Score Estimate vs Result

SouthernGoPlayer · December 17, 2023, 6:37am

At the end of this game (following a large accident) the final score is awarded as W+0.5,

Despite this the score estimate and the AI review both say that the result will be Black by around half a point. Can anybody explain this difference?

I thought I traced this back to the three remaining dame points (B gets two and W one) and the score estimate and AI being Chinese with Japanese Komi and then with 7 komi the result should be a draw. Playing out the snapback or playing the dame should not change the score under Japanese rules however, is my understanding. This doesn’t seem correct however as playing inside white’s territory reduces the score estimate by one point.

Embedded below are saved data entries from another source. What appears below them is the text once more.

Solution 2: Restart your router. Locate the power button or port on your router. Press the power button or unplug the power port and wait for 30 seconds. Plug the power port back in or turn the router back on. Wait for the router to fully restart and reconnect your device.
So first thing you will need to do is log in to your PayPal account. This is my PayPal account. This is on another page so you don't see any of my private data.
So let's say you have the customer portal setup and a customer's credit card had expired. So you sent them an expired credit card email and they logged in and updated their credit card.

Alternatively maybe something to do with White’s internal point inside the seki?

teapoweredrobot · December 17, 2023, 9:02am

It’s this. That point in seki should have been marked as dame with since it’s Japanese rules. I’m afraid all I can do at this point is annul the game for being the wrong result.

Seki is hard for computers and humans to get right!

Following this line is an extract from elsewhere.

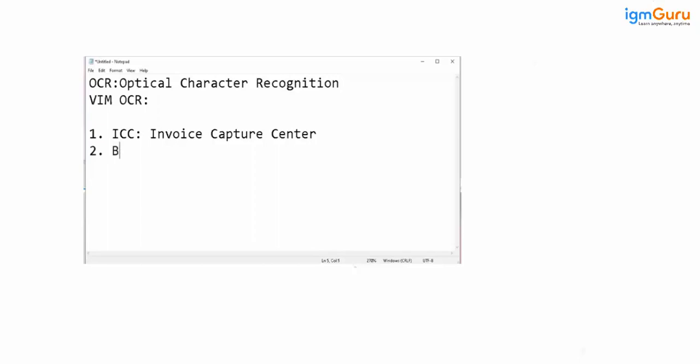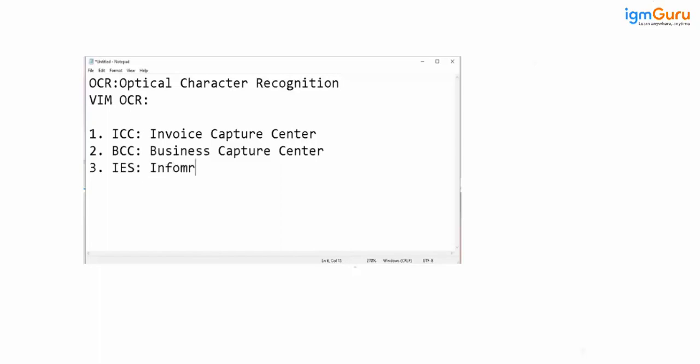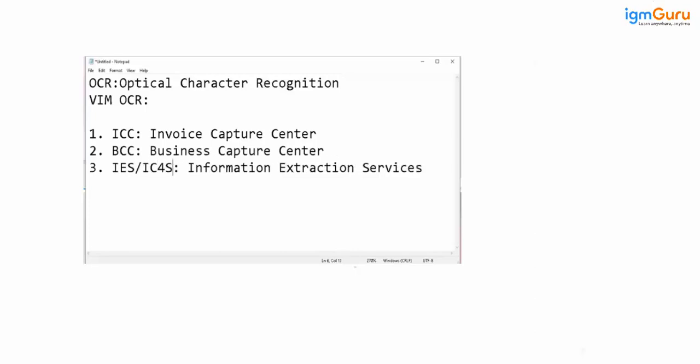The second one is BCC. BCC stands for Business Capture Center. And the third tool which OpenText has given, which is the recent version, which we call it as IES. It stands for Information Extraction Services. And also we call it as IC4S. Somewhere you will also see it is IC4S. Someone says it IC4S also. These are the three different OpenText OCR products which OpenText has given so far.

SouthernGoPlayer · December 17, 2023, 9:30am

Does this imply there is a flaw with the actual scoring system on OGS? It has clearly identified this corner as a seki (my S1 stones are not marked as dead) so should be able to make all territory in both groups dame at that point. This ought to be correctable on that basis, I would think.

SouthernGoPlayer · December 17, 2023, 9:33am

Annulled, or even awarded to black both seem reasonable results to me. Black had the game well in the bag apart from falling a sleep in any case.

teapoweredrobot · December 17, 2023, 9:48am

I’m not an expert on the computational bits but it’s one thing working out if stones are alive and then working out that stones determined to be alive are surrounding points that are not territory is a different thing I guess.

I think it’s a known and hard thing to work out every edge case automatically. That’s why the system is that there is an automatic suggestion of dead stones and territory but the purpose of the scoring phase is to allow the player to agree what’s dead/territory etc.
I’m not sure how to record this on the most customer services appropriate way, but if the players don’t check and just click “agree” then what can be done?!

Maybe the problem is that the automatic system is too reliable in most cases and so lulls players into a false sense of security that everything will be done automatically and correctly in all cases!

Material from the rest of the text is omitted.